In a statement upon his arrival, Hamdok said that “peace will open a wide horizon for development, progress and prosperity.” Sudan has a unique opportunity to adopt a democratic transition, but there is no room for complacency. Comprehensive reforms and a unified democratic front will be the key to peace, freedom and justice, as well as continued international pressure. In the IdP camp in Hujaj, in the city of al-Genena, IDP representative Mariam Adam Hussein called the signed agreement a “half-peace treaty.” After signing the Juba peace agreement on 31 August, Sudan is looking to a better future, an important first step in bringing peace to conflict zones and laying the foundations for democratic transition and economic reforms across the country. On Christmas Eve 2015, Salva Kiir announced that he was moving forward with a plan to increase the number of states from 10 to 28, and then, five days later, he swore to all the new governors he had appointed and considered loyal. [190] The new borders give Kiirs Dinkas a majority on strategic sites. [190] Some observers believe that the government maintains the peace agreement to maintain international aid while supporting campaigns to strengthen the Dinka`s control over land and resources traditionally held by other groups. [197] In July 2016, when most of Shilluk Agwelek`s troops joined the SPLM-IO that concluded the peace agreement with the government, some Schilluk felt dissatisfied. In October 2015, after the creation of the new states, a new group, consisting mainly of Schilluk, was created by the Tiger Faction New Forces (TFNF), led by General Yohanis Okiech. [198] They refused membership of the SPLM-IO or the peace agreement and called for the restoration of the original borders of the Shilluk territories of 1956.

[199] “No matter where people live or who they are, all South Sudanese hope for peace and prosperity,” he added. “We are witnessing a return to business as usual,” where progress on the peace agreement itself is dragging on. The SRF includes rebel groups from the war-torn western Darfur region, as well as the Southern Blue Nile and South Kordofan states. Two other established rebel groups have not signed, reflecting the challenges the peace process still faces. President Salva Kiir spoke on national television on 16 December after abandoning his cowboy suit and hat for military fatigue and said, surrounded by government officials, that the coup had been foiled and that it had been orchestrated by a group of soldiers allied to the former vice-president. [81] [95] On 21 December, the government announced its unconditional willingness to hold peace talks with each rebel group, including Machar. In a Christmas message, Kiir warned that the fighting will become a tribal conflict. [101] Chief Whip and Member of Parliament for the great state of Osquatoria, Tulio Odongi Ayahu, announced his support for Kiir.

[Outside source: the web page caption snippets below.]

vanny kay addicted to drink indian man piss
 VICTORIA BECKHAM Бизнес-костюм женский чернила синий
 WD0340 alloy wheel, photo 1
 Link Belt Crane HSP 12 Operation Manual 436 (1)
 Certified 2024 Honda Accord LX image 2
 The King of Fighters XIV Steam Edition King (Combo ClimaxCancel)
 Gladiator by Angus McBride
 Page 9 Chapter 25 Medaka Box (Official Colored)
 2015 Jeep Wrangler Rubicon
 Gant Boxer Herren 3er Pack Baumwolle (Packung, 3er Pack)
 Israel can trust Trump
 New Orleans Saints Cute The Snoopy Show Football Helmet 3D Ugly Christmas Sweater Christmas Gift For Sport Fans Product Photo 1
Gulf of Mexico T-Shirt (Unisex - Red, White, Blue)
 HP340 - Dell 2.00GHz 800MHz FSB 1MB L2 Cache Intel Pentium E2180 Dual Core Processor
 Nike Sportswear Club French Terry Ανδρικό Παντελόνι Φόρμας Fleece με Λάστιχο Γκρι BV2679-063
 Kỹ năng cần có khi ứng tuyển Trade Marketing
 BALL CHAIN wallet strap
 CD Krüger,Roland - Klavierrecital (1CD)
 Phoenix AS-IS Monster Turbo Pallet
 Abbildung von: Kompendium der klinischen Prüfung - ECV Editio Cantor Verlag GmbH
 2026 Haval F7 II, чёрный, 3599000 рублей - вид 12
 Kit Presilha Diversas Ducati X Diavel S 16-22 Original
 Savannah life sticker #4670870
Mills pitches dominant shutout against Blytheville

[102] The group of young people close to the SPLM condemned Kiir`s attempted fall. [103] In January 2014, direct negotiations were launched between the two sides, under the leadership of “IGAD” (which includes the eight regional nations and the African Union, the United Nations, China, the EU, the United States, the United Kingdom and Norway). [153] [154] In order to secure a stronger negotiating position, South Sudanese troops fighting alongside Ugandan forces res resumed every rebel-held town, including Bor on 18 January[155] and Malakal on 20 January. [156] Government forces were supported by Ugandan forces, against the wishes of IGAD,[157] who feared a major regional conflict. [158] Uganda announced that they had joined the January fight[159] after challenging it[160] that troops should evacuate only Ugandan nationals. [161] On 23 January 2014, representatives of the Government of South Sudan and representatives of rebel leader Riek Machar in Ethiopia reached a ceasefire agreement. [162] [163] The agreement also provided for the release of eleven officials close to rebel leader Machar. [162] At least 48 people were killed and many others injured in Darfur.